There is usually a sweet spot around 5 employees. Beyond this point, such a structure could create tension and confusion among employees about ownership and liability. A healthy organization is a hybrid approach, not too hierarchical and not too flat. It determines the extent and nature of how leadership is disseminated throughout the organization as well as the method by which information flows.
Where do you find the talents?
Technological progress is accelerating at a speed that is difficult for today’s local labor market to keep up with. Another challenge in big tech hubs like Silicon Valley, New York or Texas is that it’s very difficult for startups to compete for talent with industry behemoths like Apples and Googles.
Skills throughout the diplomas: There was a time when graduating from renowned schools with computer science degrees was the only ticket to tech-based jobs. This is no longer the case. Companies like Google, Apple, etc. no longer require employees to have a diploma. Equally talented are schools, bootcamps, specialty courses, and self-taught applicants with relevant experience.
World teams: Thanks to the Internet, global talent has become easily accessible. I have found great success in hiring remote talent across the world. I remember that at one point there were people from 18 different countries working in my organization at the same time.
Pivotal talent: Businesses, from manufacturing to sales to customer service, must adapt to constantly changing technology to keep up with today’s highly digital and fast-paced marketplace and require a wide range of skills. and disciplines under one roof. People who switch from various disciplines to technology are promising candidates due to their cross-pollination, flexibility and breadth of knowledge. In the past, I have worked with people who were lawyers or English teachers in their previous lives and who have successfully migrated to software development.
Look where no one is looking: Don’t wait for candidates to search for you to be discoverable. Proactively reach passive applicants who aren’t looking to relocate. Likewise, don’t overlook the power of referrals, personal network and social network.
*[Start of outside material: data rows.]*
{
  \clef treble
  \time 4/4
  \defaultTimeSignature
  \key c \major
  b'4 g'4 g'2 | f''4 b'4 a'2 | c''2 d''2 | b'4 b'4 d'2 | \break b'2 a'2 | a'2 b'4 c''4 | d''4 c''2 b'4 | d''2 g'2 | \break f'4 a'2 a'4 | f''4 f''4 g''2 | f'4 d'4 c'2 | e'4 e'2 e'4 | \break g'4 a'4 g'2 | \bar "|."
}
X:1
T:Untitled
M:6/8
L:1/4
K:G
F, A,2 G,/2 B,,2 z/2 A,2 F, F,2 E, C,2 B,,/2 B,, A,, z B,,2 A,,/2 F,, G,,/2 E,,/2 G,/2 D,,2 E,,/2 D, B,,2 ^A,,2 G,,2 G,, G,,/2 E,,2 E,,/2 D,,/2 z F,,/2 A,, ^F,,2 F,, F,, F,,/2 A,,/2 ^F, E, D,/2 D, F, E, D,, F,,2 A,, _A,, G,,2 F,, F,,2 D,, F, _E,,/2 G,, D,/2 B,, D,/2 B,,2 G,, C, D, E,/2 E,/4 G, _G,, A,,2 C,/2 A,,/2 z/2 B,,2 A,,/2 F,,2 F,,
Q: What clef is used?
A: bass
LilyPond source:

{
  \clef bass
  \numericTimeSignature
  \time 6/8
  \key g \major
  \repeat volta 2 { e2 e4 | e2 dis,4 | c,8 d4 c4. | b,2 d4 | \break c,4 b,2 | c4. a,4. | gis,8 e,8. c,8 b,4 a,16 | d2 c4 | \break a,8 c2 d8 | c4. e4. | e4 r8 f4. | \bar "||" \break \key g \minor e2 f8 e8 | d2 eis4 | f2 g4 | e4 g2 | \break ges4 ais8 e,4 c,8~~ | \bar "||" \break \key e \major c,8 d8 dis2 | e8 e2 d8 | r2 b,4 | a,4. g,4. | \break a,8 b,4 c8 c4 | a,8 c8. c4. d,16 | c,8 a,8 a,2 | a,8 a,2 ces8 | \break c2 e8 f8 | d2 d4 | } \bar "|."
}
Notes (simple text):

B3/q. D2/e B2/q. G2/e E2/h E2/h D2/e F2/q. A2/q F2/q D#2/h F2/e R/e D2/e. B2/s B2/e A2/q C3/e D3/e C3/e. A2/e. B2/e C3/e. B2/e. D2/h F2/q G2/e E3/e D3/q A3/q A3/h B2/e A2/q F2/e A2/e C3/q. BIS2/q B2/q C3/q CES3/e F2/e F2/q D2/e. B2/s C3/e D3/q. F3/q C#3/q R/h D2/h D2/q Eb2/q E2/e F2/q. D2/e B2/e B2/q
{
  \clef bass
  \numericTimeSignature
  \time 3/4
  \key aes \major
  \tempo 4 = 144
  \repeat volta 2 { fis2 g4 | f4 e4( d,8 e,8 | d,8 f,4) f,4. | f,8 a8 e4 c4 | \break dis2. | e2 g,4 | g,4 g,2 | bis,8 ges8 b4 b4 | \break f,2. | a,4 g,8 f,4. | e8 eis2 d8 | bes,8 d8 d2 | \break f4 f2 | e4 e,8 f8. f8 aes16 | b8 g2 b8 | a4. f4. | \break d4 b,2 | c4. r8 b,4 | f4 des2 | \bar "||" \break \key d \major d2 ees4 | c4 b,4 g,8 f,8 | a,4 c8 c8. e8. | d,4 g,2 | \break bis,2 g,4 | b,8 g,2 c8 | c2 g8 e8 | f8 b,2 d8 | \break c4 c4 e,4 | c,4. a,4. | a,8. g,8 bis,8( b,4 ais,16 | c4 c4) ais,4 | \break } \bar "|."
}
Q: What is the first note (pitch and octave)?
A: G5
Provided the sponsor is willing to put their reputation on the line for the sponsorship. Have additional information on behaviors, attitudes, work styles, values, etc. people are invaluable soft skills signals.
Hiring talent remains a major concern for CEOs. Employers also spend a lot of money to hire. As an entrepreneur, do your homework first, clearly define your prerequisites. Be intentional, the cost of staff turnover could reach twice the salary of one. Once you’re ready to recruit, share your strengths. Be transparent, inform the candidate of the level of process and structure available in your company.